=== Section Start ===
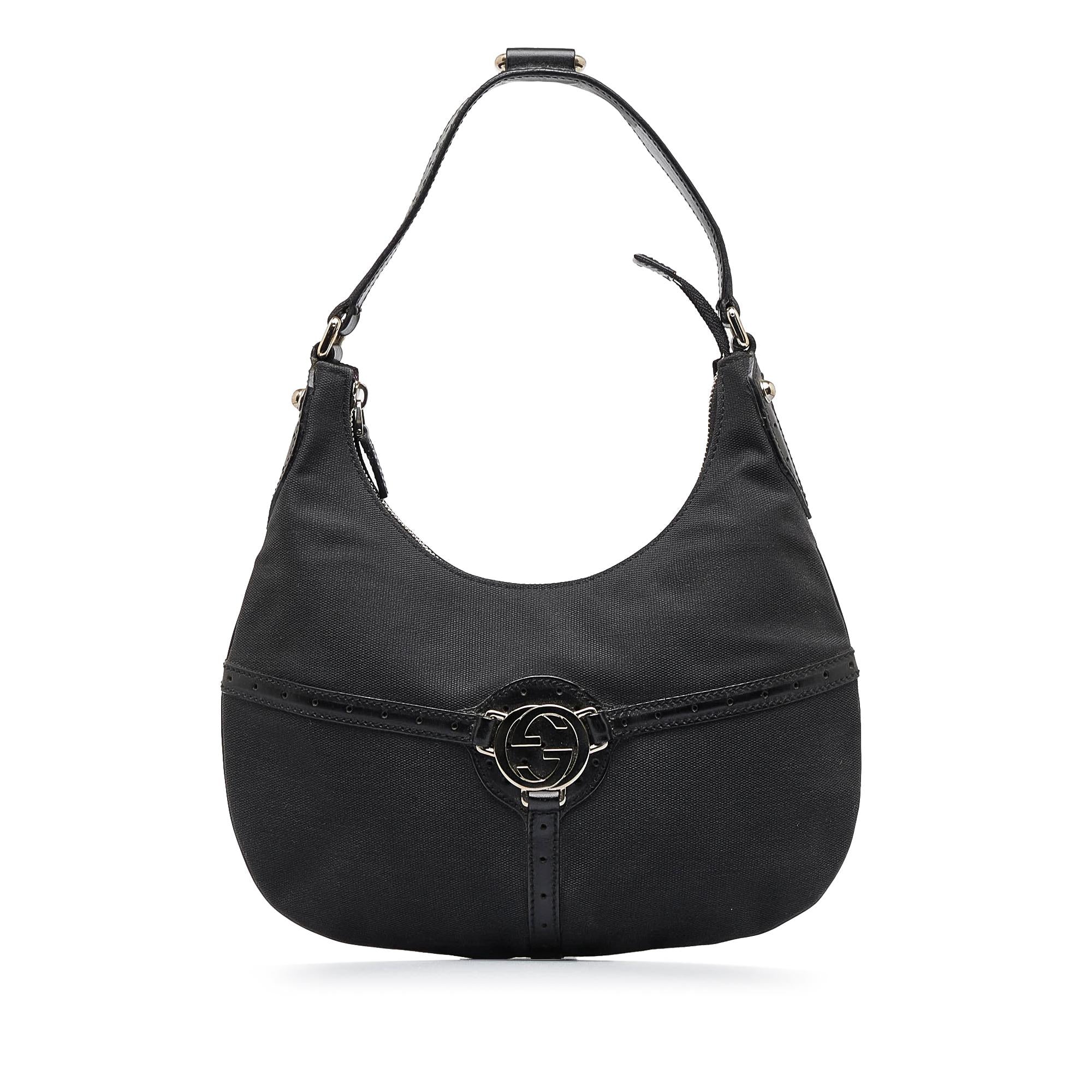 Gucci Reins Hobo (SHG-v1jQ92)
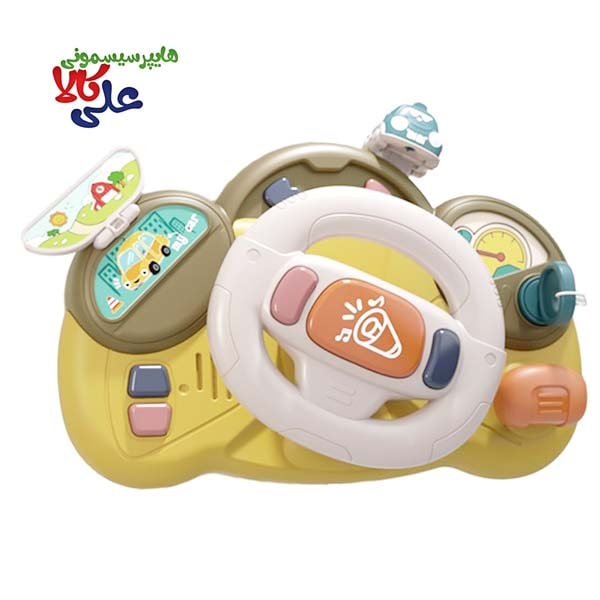 اسباب بازی فرمان موزیکال ویواکیدز Vivakids کد 6662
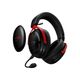 HyperX Cloud III S Wireless (Black/Red) �磻��쥹�����ߥ󥰥إåɥ��å� �Хåƥ꡼����120���� 2.4GHz�ϥ��ѡ����å��� �����ߥ� �إåɥ��å� �����ߥ󥰥إåɥۥ� �إåɥۥ� pc ps5 ps4 ̵�� Bluetooth �֥�å���å� A59Z0AA �ڥ���󥻥��Բġ��̳�ƻ����Υ�������Բġ� -������-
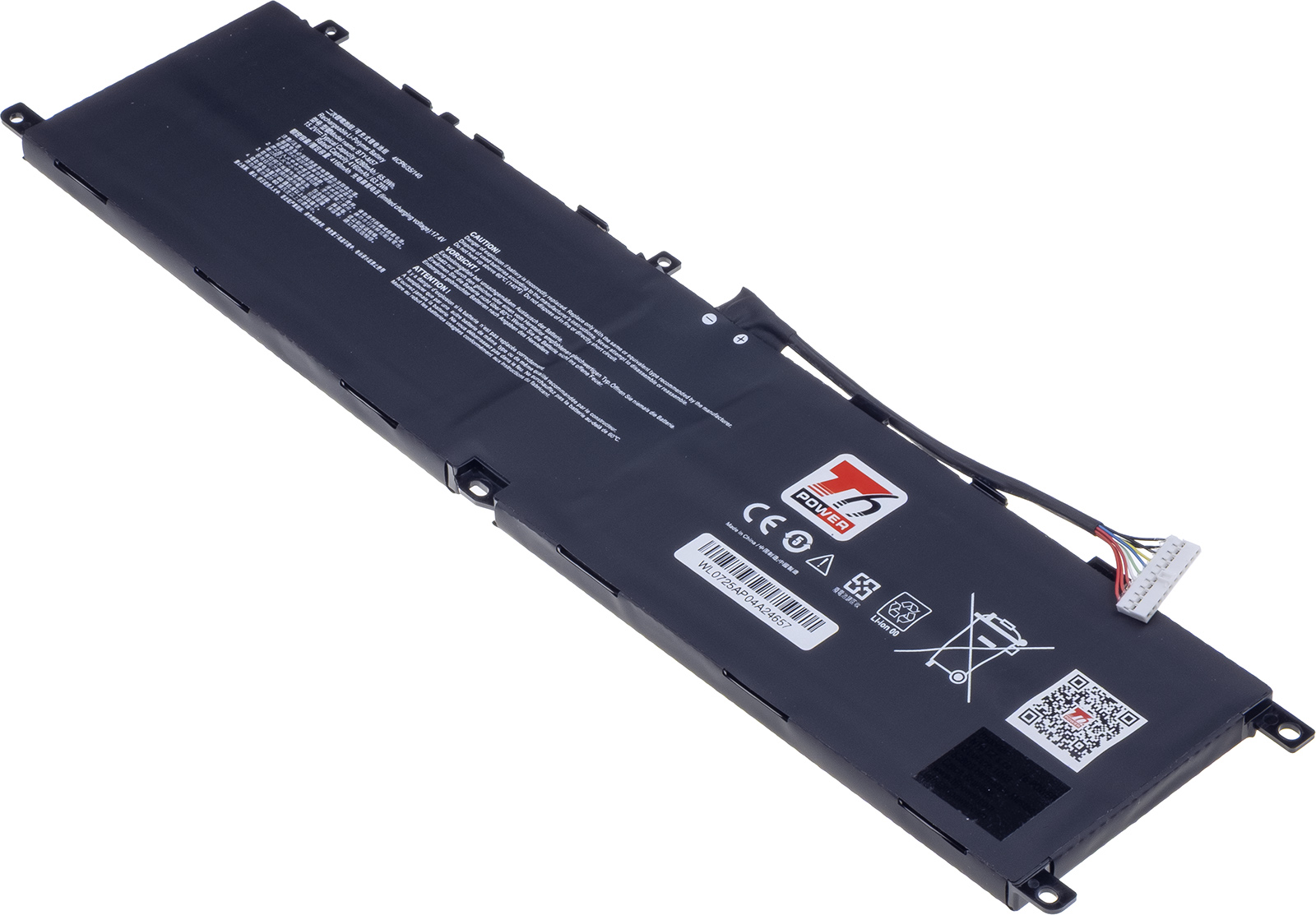 Batéria pre MSI Vector GP66 12UG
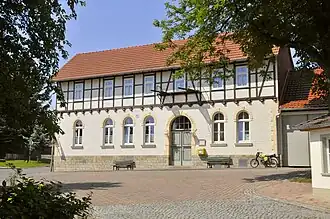 Hornsömmern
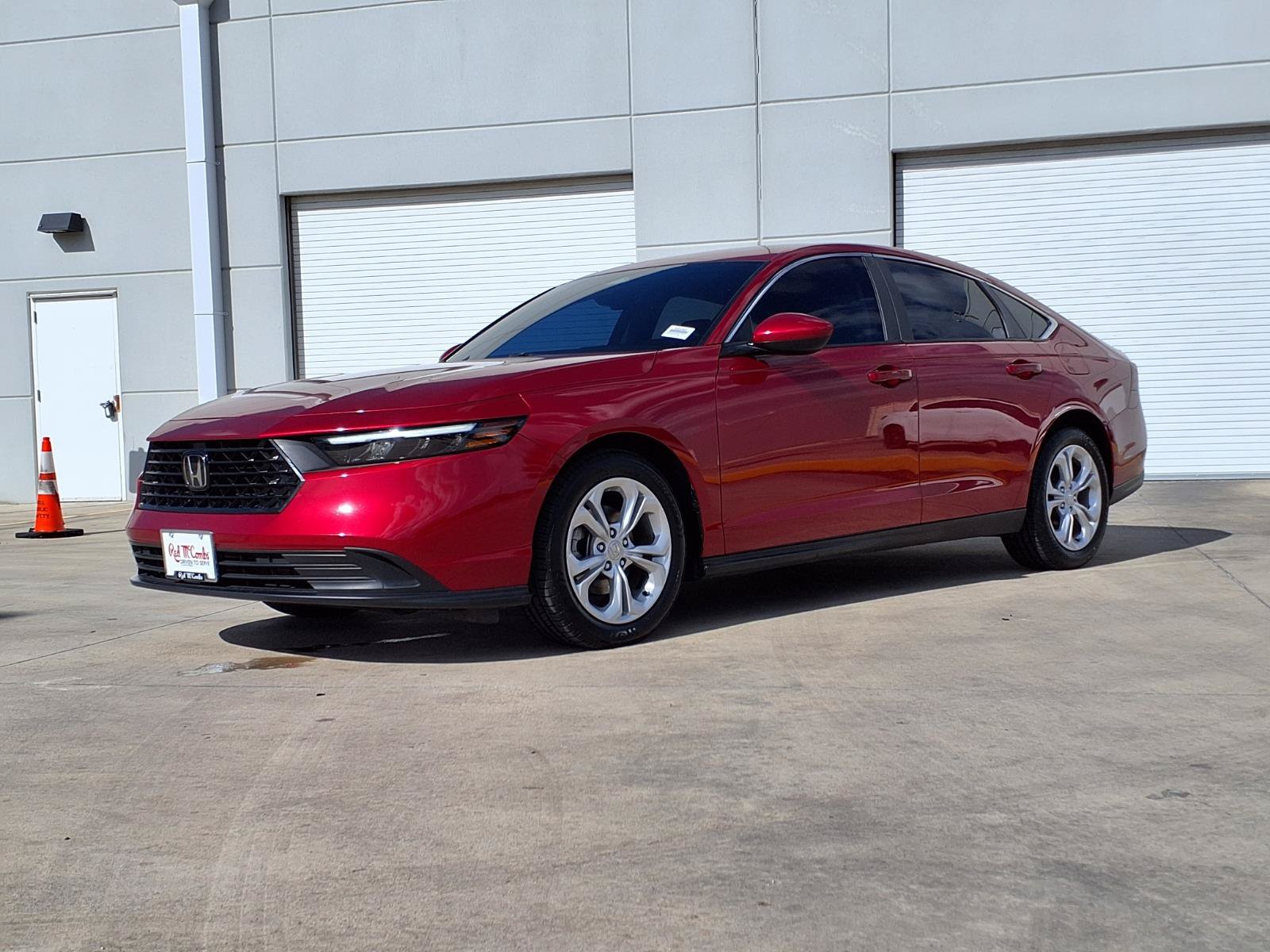 Used 2025 Honda Accord LX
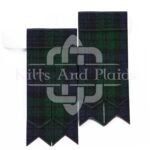 Black Watch Tartan Flashes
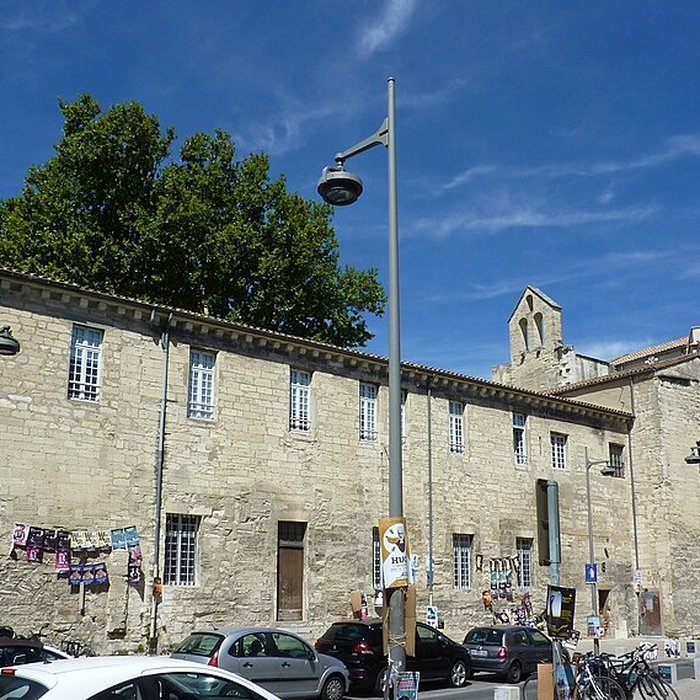 Photo de Église des Célestins dAvignon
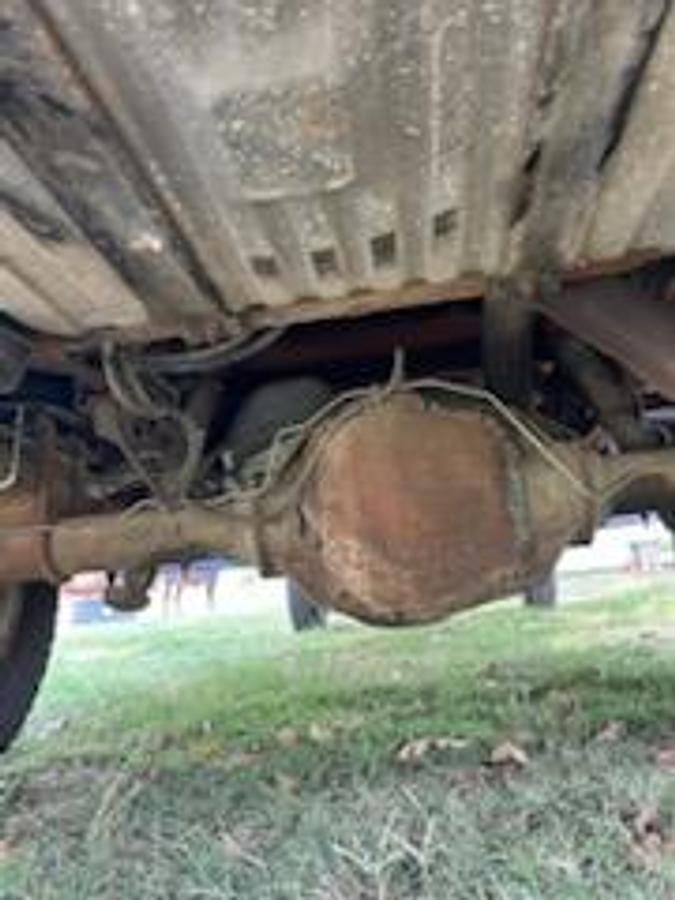 Used 1996 Ford F-350 Automatic Flatbed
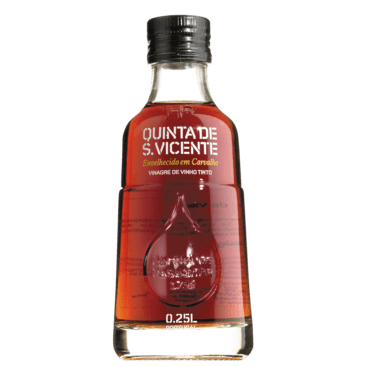 Barrique-Essig aus Portugal
in Barriquefässern gereift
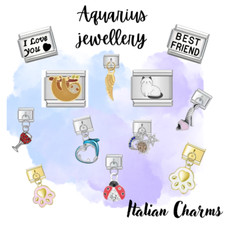 CIONDOLI ITALIANI ADATTI NOMINATION 9mm BRACCIALE CHARM SCEGLI CHARM UK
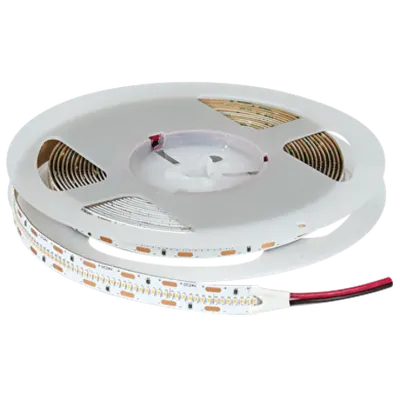 Banda Led Profesionala 22w/m 2700k 24v Dc 420led/m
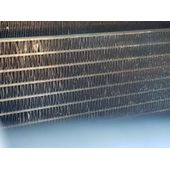 Condensador / Radiador Aire Acondicionado Para Renault Scenic Ii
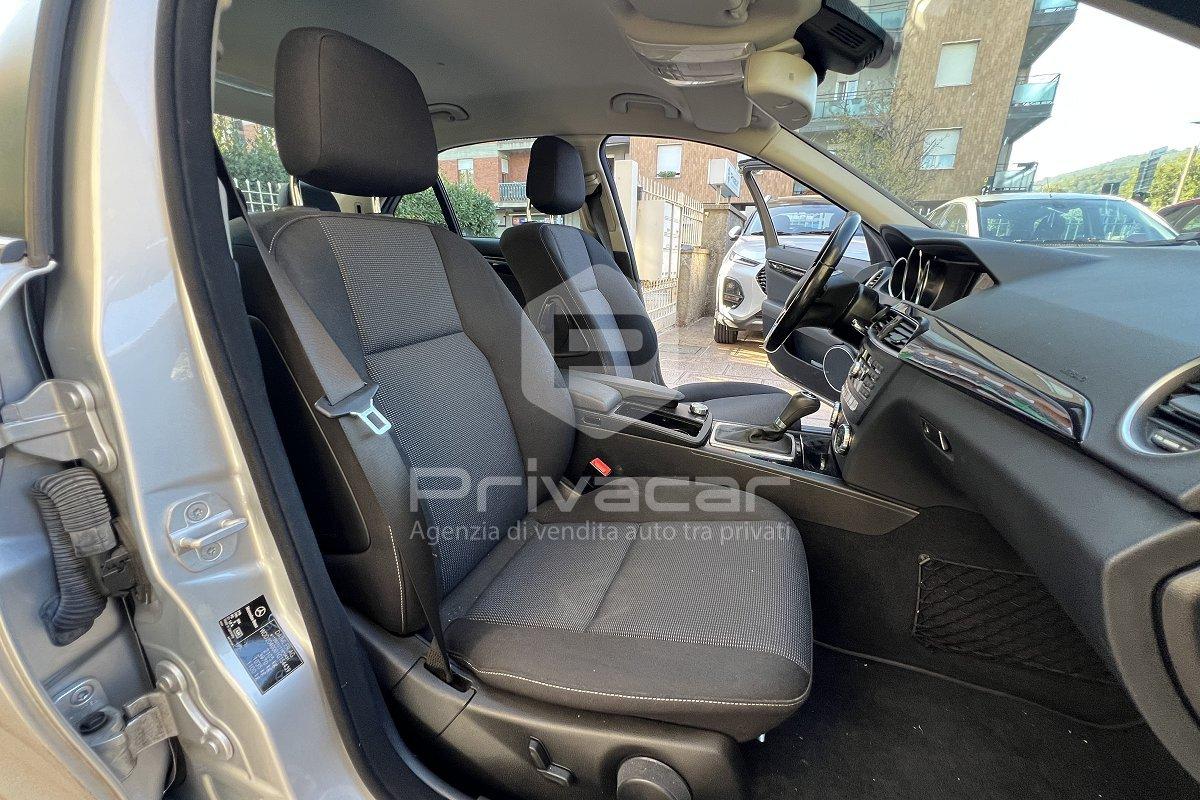 MERCEDES C 180 CDI Trend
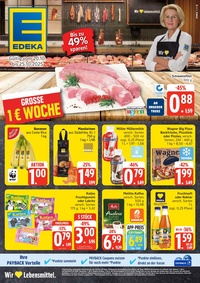 EDEKA Prospekt - Angebote ab 20.10.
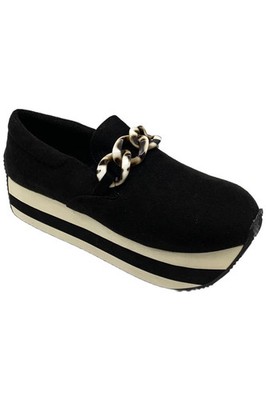 Volatile Women's Harding Loafers Black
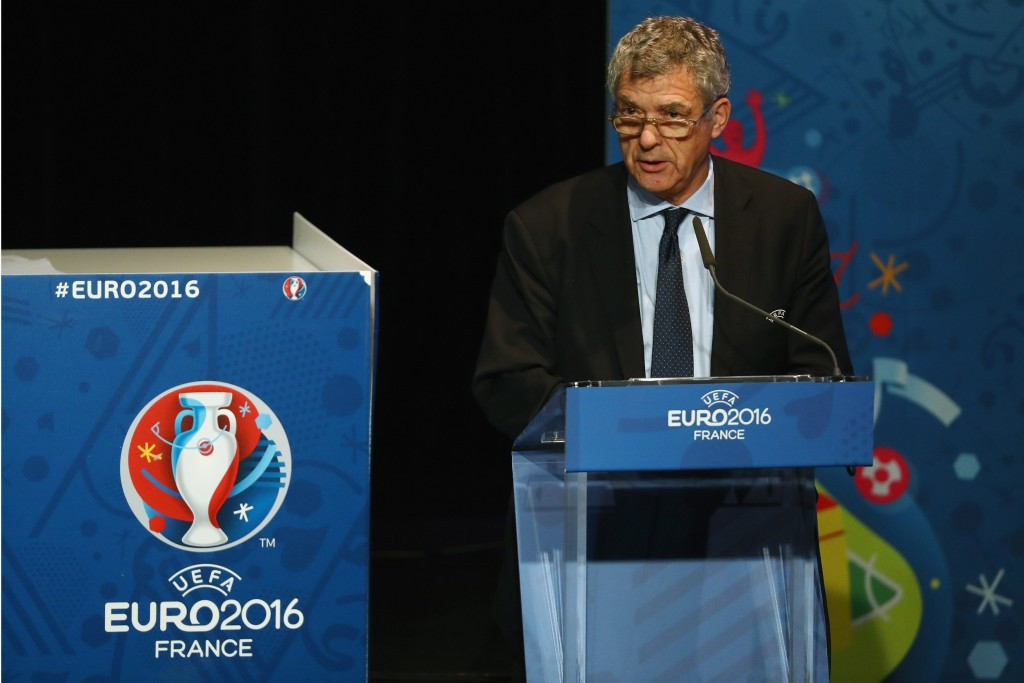 Villar joins Čeferin and Van Praag in race for UEFA Presidency as deadline looms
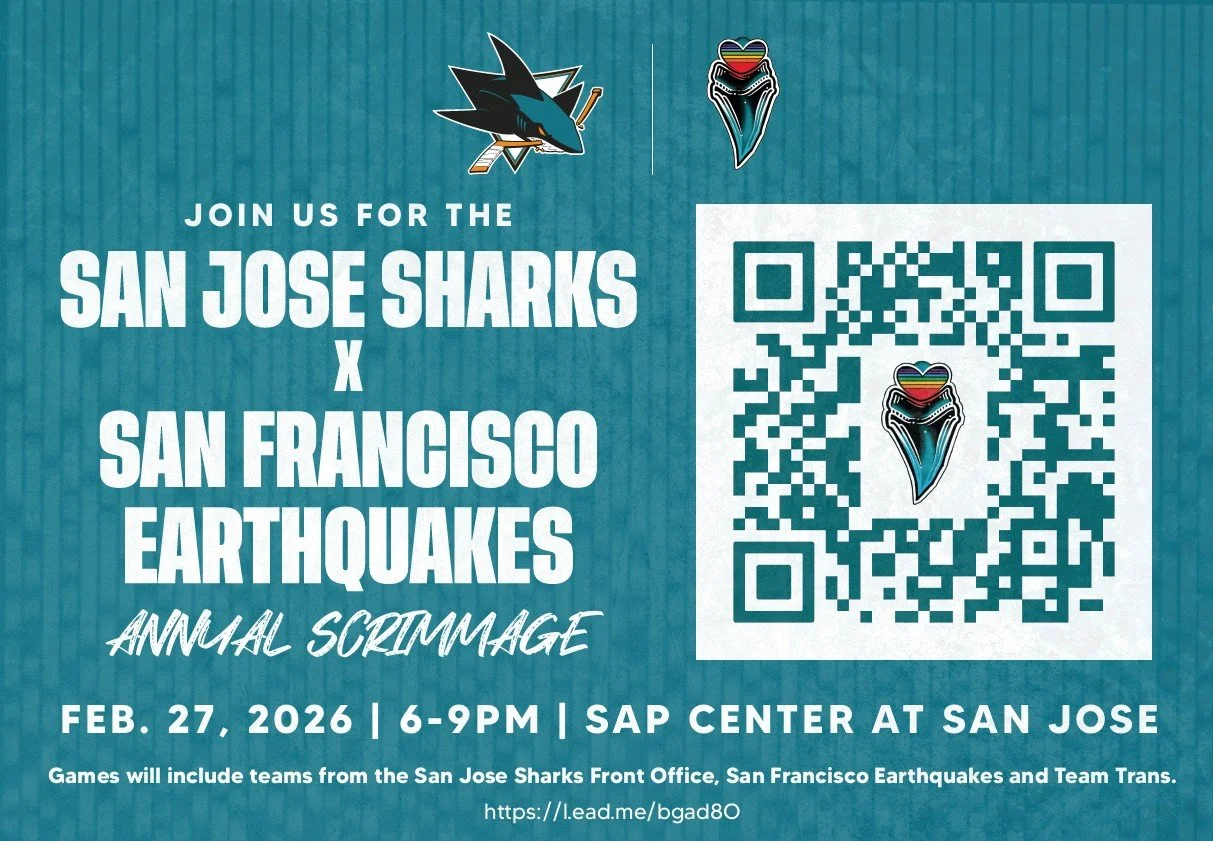 San Jose Sharks vs San Francisco Earthquakes Annual Scrimmage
=== Section End ===
The line that contains "Banda Led Profesionala" begins the part to retype, and the last line of the records above ends it. Retype both and everything between, exactly, without the pictures.

 Banda Led Profesionala 22w/m 2700k 24v Dc 420led/m
 Condensador / Radiador Aire Acondicionado Para Renault Scenic Ii
 MERCEDES C 180 CDI Trend
 EDEKA Prospekt - Angebote ab 20.10.
 Volatile Women's Harding Loafers Black
 Villar joins Čeferin and Van Praag in race for UEFA Presidency as deadline looms
 San Jose Sharks vs San Francisco Earthquakes Annual Scrimmage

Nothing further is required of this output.